_TASK REQUIREMENTS_
Repeat every line from the line containing "Hiện trạng phố" to the end of the data, exactly. Leave the pictures out.

_RECORDED DATA_
▼
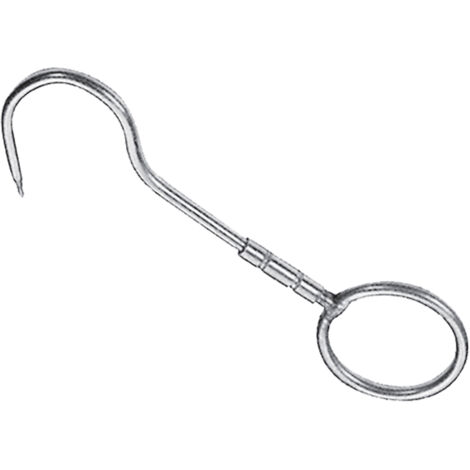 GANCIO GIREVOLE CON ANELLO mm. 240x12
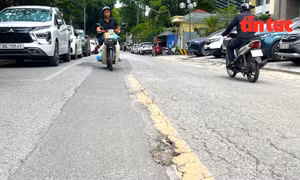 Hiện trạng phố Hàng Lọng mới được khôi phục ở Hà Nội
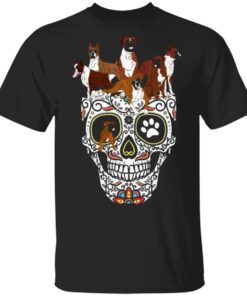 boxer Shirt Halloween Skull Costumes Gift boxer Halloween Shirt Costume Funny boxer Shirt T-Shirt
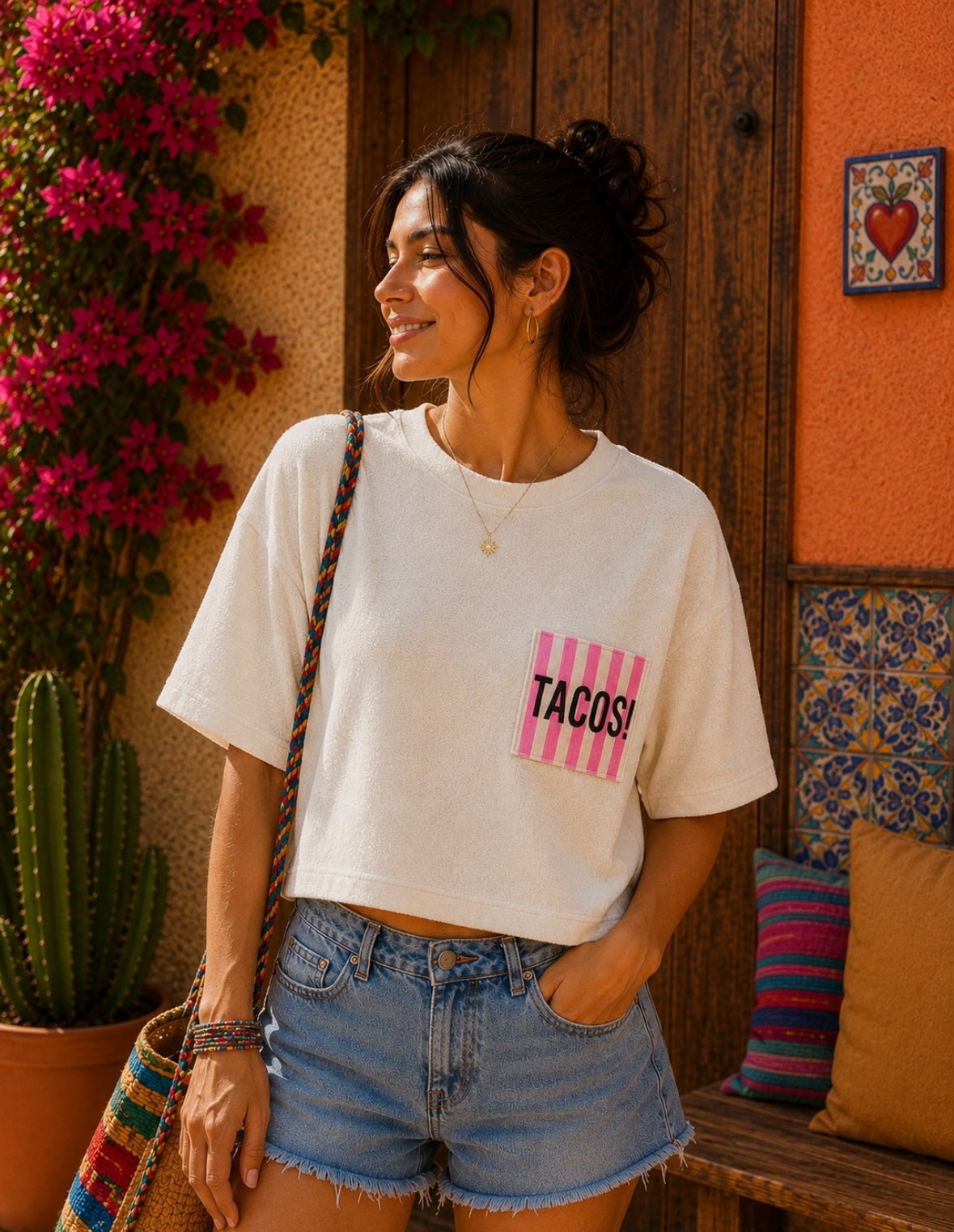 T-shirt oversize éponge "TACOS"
▲
_RESULT OF THIS EXERCISE_
 Hiện trạng phố Hàng Lọng mới được khôi phục ở Hà Nội
 boxer Shirt Halloween Skull Costumes Gift boxer Halloween Shirt Costume Funny boxer Shirt T-Shirt
 T-shirt oversize éponge "TACOS"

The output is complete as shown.